Turning the tide since the surge of US troops, the resistance has stretched its grip on the north-east and west of the country.  Instead of subjugating Afghanistan, the imperialist war has managed to spread anti-imperialist militancy across the border into Pakistan.  No one doubts any more that the Afghan resistance is on course to inflict a humiliating defeat on the combined forces of imperialism.  “So when I flee the country, of course my son will join the Taliban”, said recently Haji Mohammed Almas, a warlord and former Mujahideen commander who fought against the Soviet forces, adding, “What will become of him?”  The US and its allies “are dressing up defeat as victory and heading hotfoot for the exit” is how Philip Stephens, writing in the Financial Times of 30 September 2011, described Nato’s strategy in Afghanistan.
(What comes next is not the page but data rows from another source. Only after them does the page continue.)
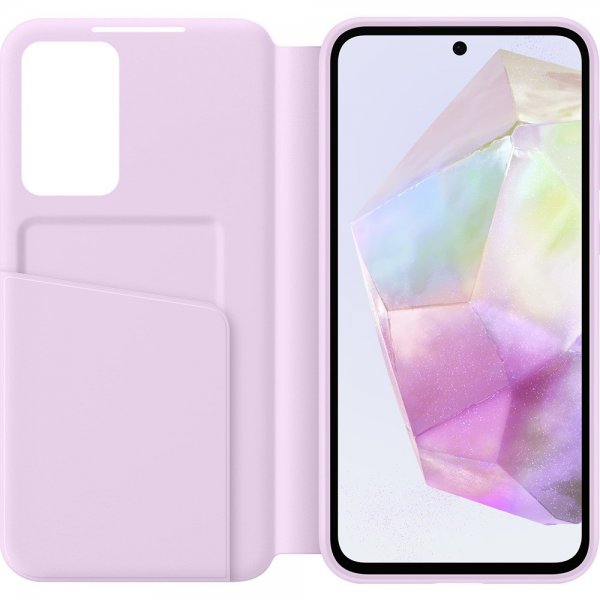 Samsung Original Galaxy A35 Etui Smart View Wallet Case Lavendel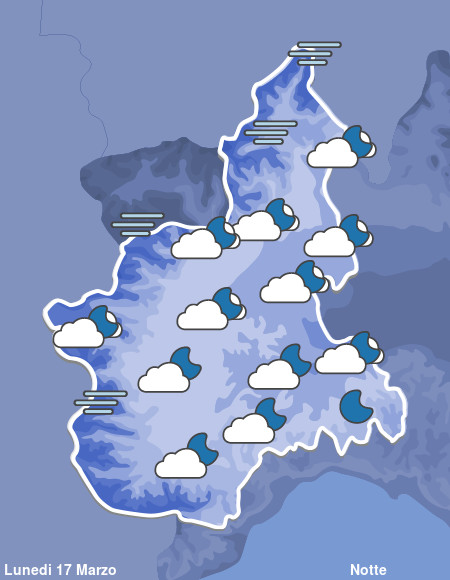 Previsioni Meteo Piemonte Notte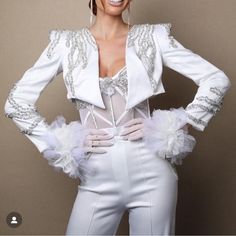 This Set Was Worn For My Interview At Miss Grand International! It Includes Pants, A Beautiful Rhinestone Corset, Rhinestone Jacket, And Matching Rhinestone Gloves!!! Would Be Beautiful For A Bride! I’m 5-11 But Pants Can Easily Be Hemmed Corset Rhinestone, Corset Suit, Rhinestone Gloves, Rhinestone Corset, Miss Grand International, Rhinestone Jacket, Miss Grand, Be Beautiful, Suit Set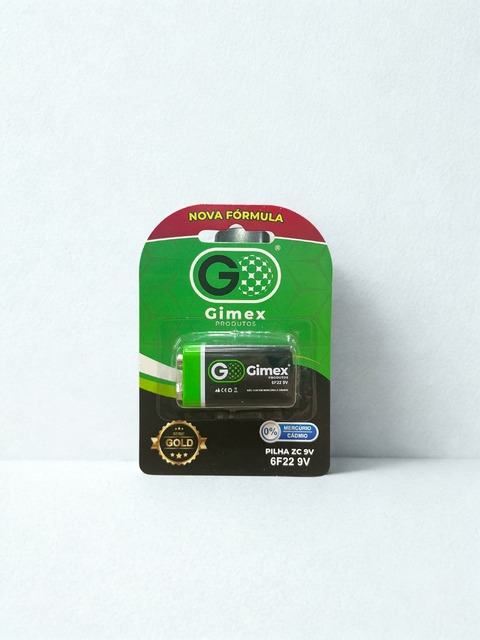 PILHA GIMEX 9V GX-69F228-S1PK UNIDADE - comprar online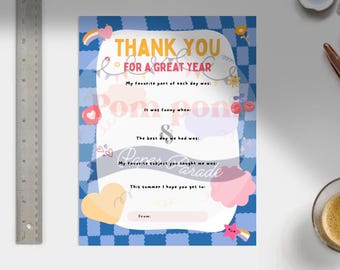 DIGITALE Instant Download sjabloon voor bedankingsweek voor leraren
He added that, a decade after the fall of Kabul to the US-backed Northern Alliance, “Afghanistan is an all-too-present source of grief and embarrassment”.  “What on earth”, he says, “the politicians can any longer say to the families of those blown up in the deserts and bazaars of Kandahar and Helmand?”  (‘An indecent rush to the Afghan exit’).

But, of course, the Americans are not leaving completely – not just yet.  Afghanistan is too important for that.  In the words of Zbigniew Brzezinski, President Carter’s National Security advisor, “Eurasia is the chessboard for global supremacy … [The US must] prevent the emergence of a dominant antagonistic Eurasian power”  – an obvious reference to China and Russia.  The Americans are negotiating with the Afghan government to keep half a dozen bases in the country for the foreseeable future, from which, after the departure of the bulk of their forces at the end of 2014, the US and its allies would continue to deploy military trainers and special forces and use drones to contain the resistance.  While prolonging the agony of the Afghan people, such a course would do no more than postpone the day of reckoning when, under relentless assault from the resistance, imperialist forces will be compelled to leave the country, lock, stock and barrel.  A prolongation of the presence of imperialist armies may possibly even result in the Pakistani state losing control over the Pashtun population on both sides of the border to the Taliban – giving rise to the emergence of a united Pashtunistan, 50 million-strong, and threatening the integrity of Pakistan.

War brought to Pakistan

As expected, the last surge of US troops, announced by Obama at the end of 2009, has become a major source of destabilisation in Pakistan as it has led to the spill over of the Afghan fighters against the occupation into Pakistan, as the Pakistani premier, Yousuf Raza Gilani, had warned in late 2009.  By its increasingly frequent use of drone attacks on Pakistani targets, as well as through coercing the Pakistani army to move against the Islamist militants, the US has managed to rouse the wrath of the Pakistani people (who are overwhelmingly opposed to the US war on Afghanistan) against the US and their own government alike.  The drone attacks, which have killed thousands of Pakistanis, the frequent US military incursions into Pakistan, and the collusion of the Pakistani military in the US’s ‘war on terror’, have angered the Pakistani people as nothing else.

The Pakistani military has long used religion as a tool to keep its grip on Pakistani politics, especially on the country’s defence and foreign policy.  It has also since the early 1980s used religion as an ideology to create militant organisations and train armed young men to fight in Afghanistan and Kashmir to gain what it regards as “strategic depth”.  Begun under General Zia-ul-Haq’s military government, at the behest of US imperialism desperate to secure a plentiful supply of trained Islamic holy warriors to fight the Red Army in Afghanistan, this process, in which the Pakistani Mullah-military alliance set about changing the political discourse through the creation of a network of Madrassas funded by the US and Saudi Arabia to instruct their pupils in the most bigoted version of Islam, has ended up by creating over a period of three decades a veritable Frankenstein monster.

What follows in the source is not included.